▶ **Data records**:

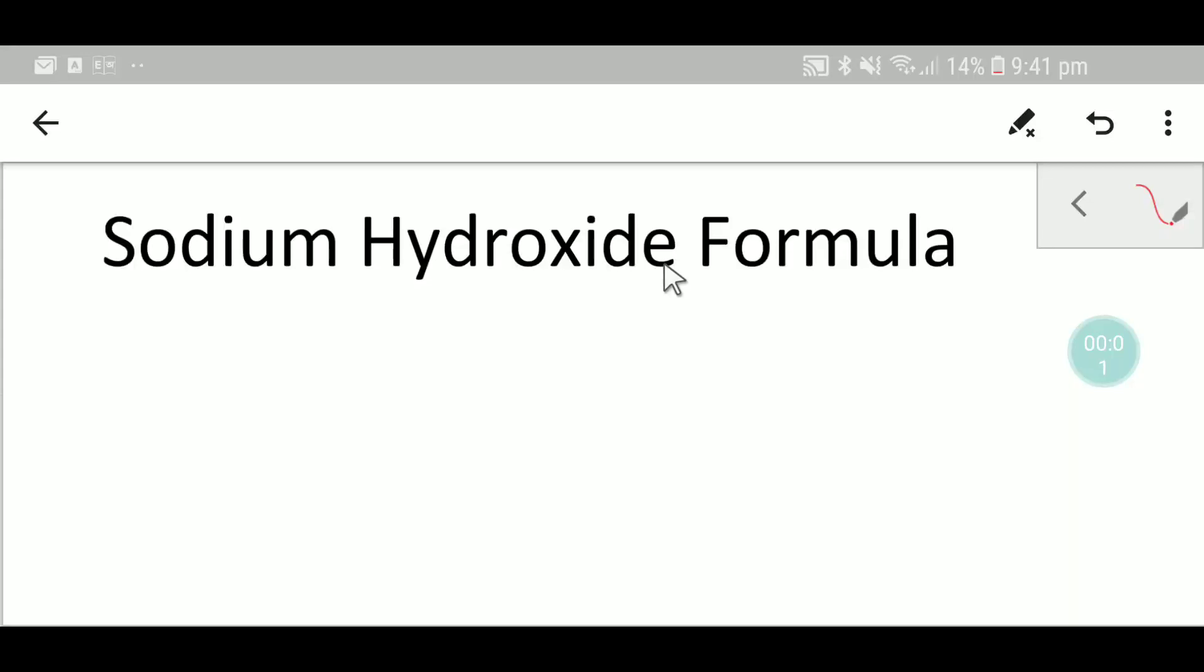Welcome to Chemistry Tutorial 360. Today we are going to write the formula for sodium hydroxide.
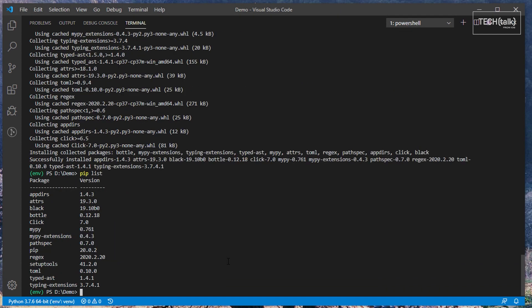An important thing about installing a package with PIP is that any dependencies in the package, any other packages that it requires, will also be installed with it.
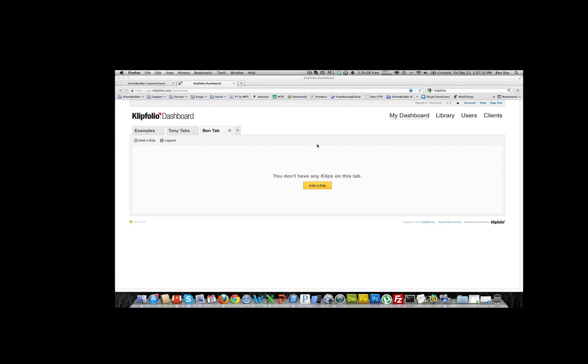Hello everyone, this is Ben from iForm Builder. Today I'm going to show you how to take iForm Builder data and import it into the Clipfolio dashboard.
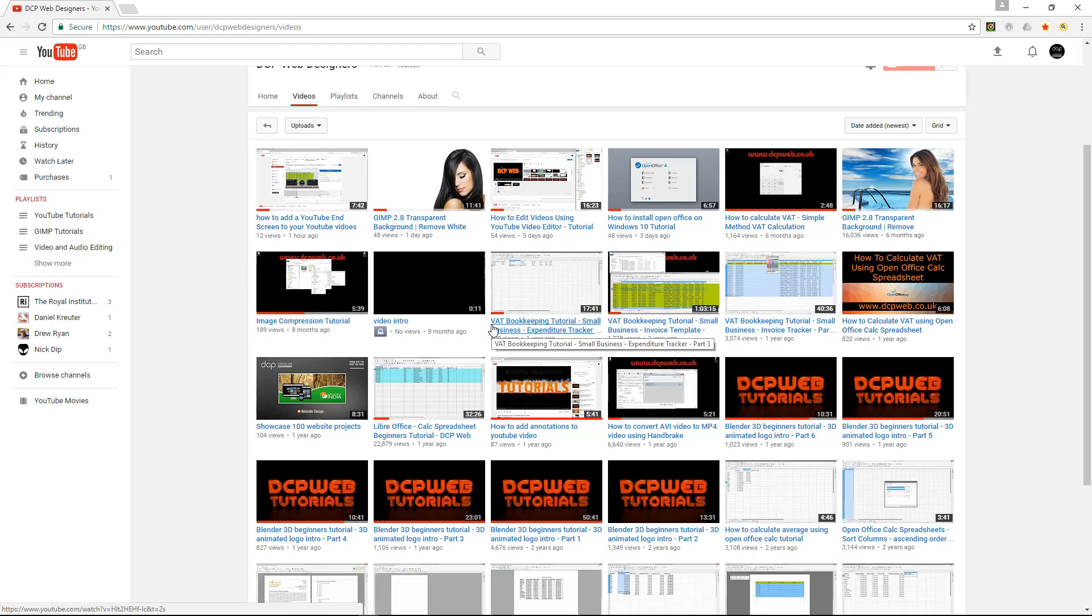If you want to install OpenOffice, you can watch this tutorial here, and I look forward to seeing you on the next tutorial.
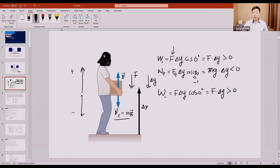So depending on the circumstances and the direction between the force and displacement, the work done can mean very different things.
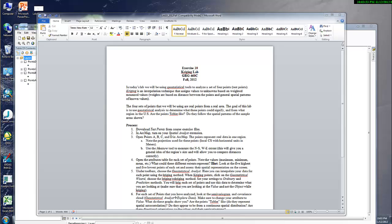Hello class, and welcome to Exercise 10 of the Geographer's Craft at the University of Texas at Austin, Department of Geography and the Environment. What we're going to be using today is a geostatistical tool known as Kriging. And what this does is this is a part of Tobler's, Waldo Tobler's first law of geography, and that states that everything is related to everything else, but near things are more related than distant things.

==

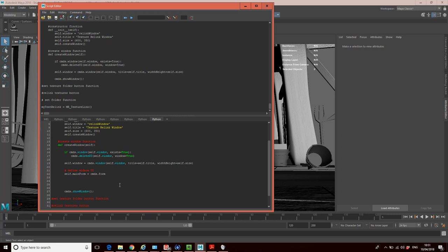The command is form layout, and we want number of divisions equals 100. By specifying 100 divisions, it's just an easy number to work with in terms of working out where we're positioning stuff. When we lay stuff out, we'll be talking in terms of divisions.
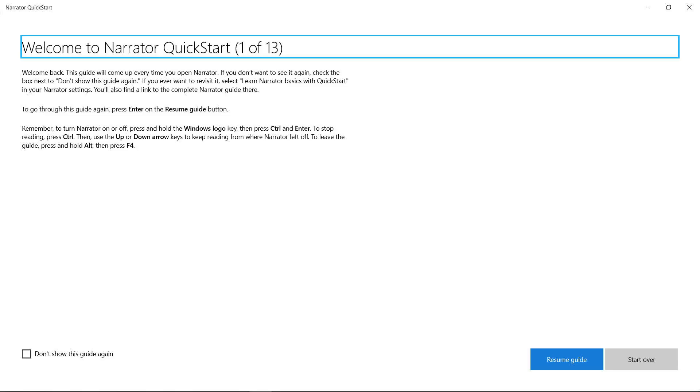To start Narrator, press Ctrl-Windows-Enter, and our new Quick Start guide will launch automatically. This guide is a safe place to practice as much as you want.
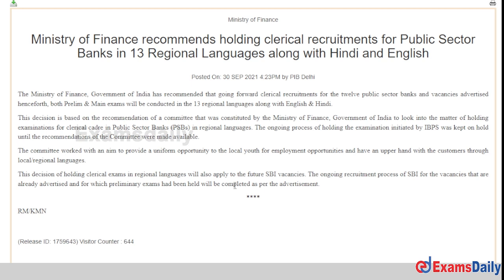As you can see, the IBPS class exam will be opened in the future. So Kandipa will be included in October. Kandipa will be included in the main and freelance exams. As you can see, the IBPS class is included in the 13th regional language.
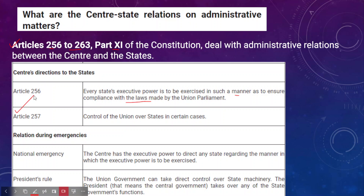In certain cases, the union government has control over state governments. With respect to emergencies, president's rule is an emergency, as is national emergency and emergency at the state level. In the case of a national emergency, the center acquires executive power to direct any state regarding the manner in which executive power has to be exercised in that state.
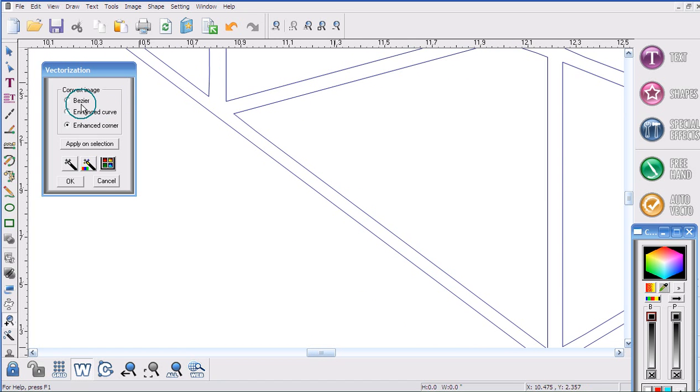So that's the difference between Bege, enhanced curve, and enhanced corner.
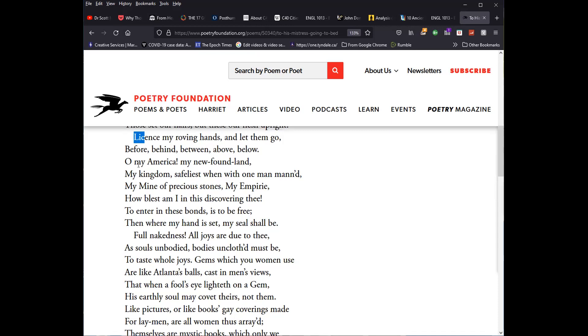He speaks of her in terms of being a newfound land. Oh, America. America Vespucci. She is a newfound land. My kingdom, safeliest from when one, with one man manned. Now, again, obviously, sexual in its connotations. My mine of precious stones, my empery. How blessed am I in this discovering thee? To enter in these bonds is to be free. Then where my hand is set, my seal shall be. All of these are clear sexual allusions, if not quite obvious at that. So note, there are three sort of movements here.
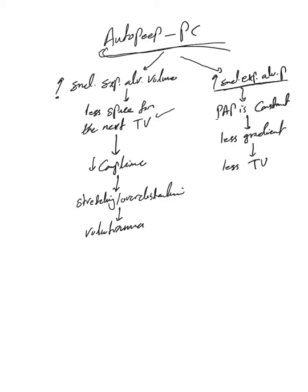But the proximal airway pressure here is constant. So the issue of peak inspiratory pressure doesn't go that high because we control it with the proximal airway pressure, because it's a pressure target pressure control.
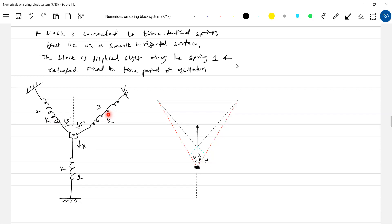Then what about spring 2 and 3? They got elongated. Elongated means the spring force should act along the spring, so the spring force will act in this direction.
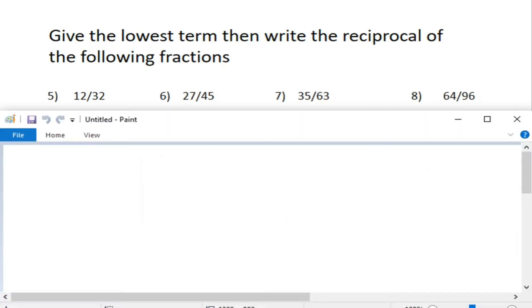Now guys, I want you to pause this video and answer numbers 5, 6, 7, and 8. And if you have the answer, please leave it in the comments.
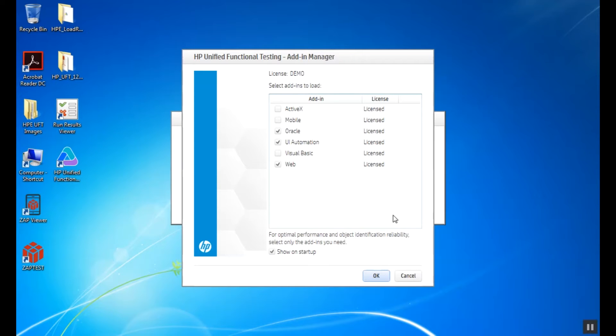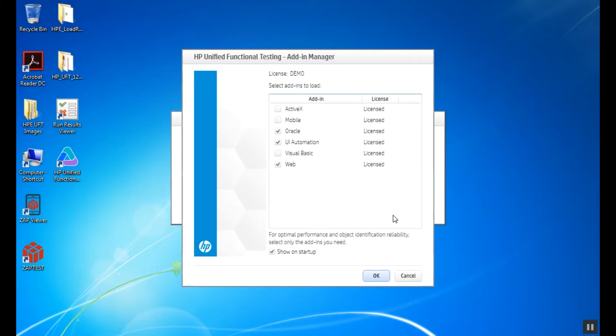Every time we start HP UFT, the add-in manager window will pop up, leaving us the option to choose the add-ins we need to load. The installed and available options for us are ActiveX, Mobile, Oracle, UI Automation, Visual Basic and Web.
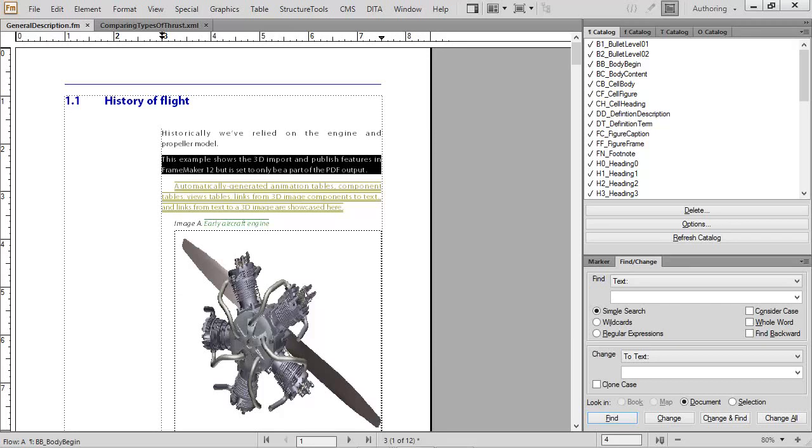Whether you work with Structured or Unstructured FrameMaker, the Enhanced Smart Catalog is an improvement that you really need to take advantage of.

...

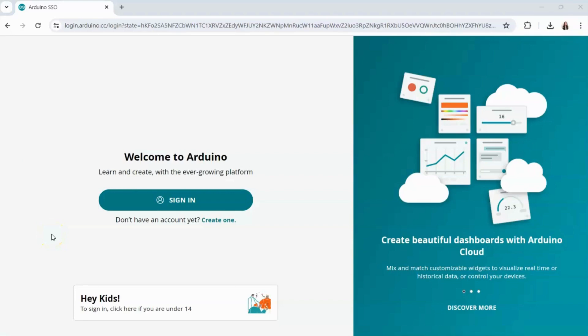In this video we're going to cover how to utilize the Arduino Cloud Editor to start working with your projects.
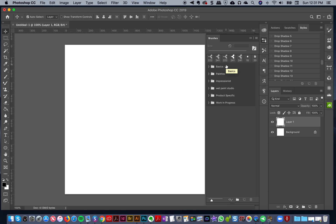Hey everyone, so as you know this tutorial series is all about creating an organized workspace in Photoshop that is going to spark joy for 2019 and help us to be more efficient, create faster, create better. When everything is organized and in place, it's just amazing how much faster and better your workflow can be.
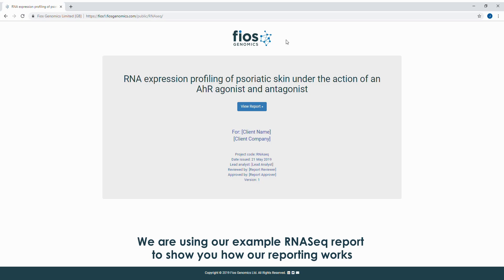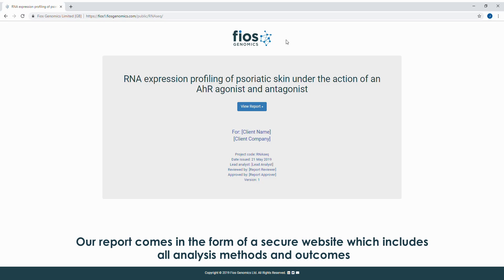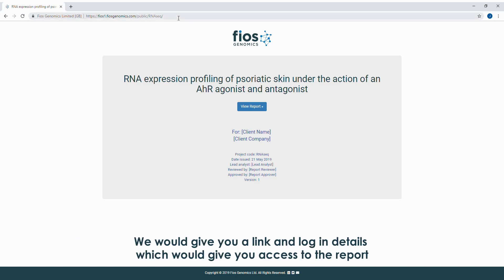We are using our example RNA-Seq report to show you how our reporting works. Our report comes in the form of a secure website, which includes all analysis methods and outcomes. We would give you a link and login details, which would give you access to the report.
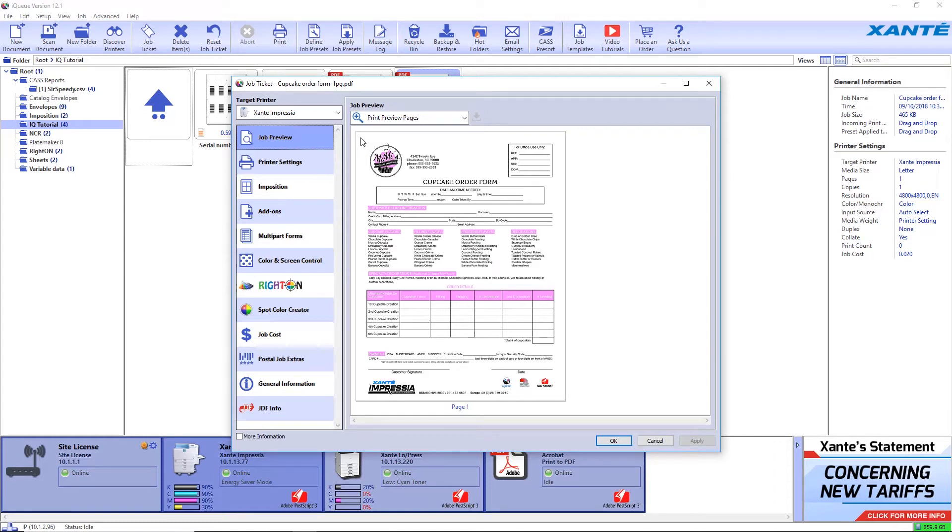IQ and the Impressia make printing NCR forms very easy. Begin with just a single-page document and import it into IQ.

▶ **Exercise goal**:
Reproduce the listing above only between the lines holding "Welcome to Chemistry" and "Hello class, and", inclusive. Every line must match exactly, and pictures are dropped.

▶ **Output of the exercise**:
Welcome to Chemistry Tutorial 360. Today we are going to write the formula for sodium hydroxide.
An important thing about installing a package with PIP is that any dependencies in the package, any other packages that it requires, will also be installed with it.
Hello everyone, this is Ben from iForm Builder. Today I'm going to show you how to take iForm Builder data and import it into the Clipfolio dashboard.
If you want to install OpenOffice, you can watch this tutorial here, and I look forward to seeing you on the next tutorial.
So depending on the circumstances and the direction between the force and displacement, the work done can mean very different things.
Hello class, and welcome to Exercise 10 of the Geographer's Craft at the University of Texas at Austin, Department of Geography and the Environment. What we're going to be using today is a geostatistical tool known as Kriging. And what this does is this is a part of Tobler's, Waldo Tobler's first law of geography, and that states that everything is related to everything else, but near things are more related than distant things.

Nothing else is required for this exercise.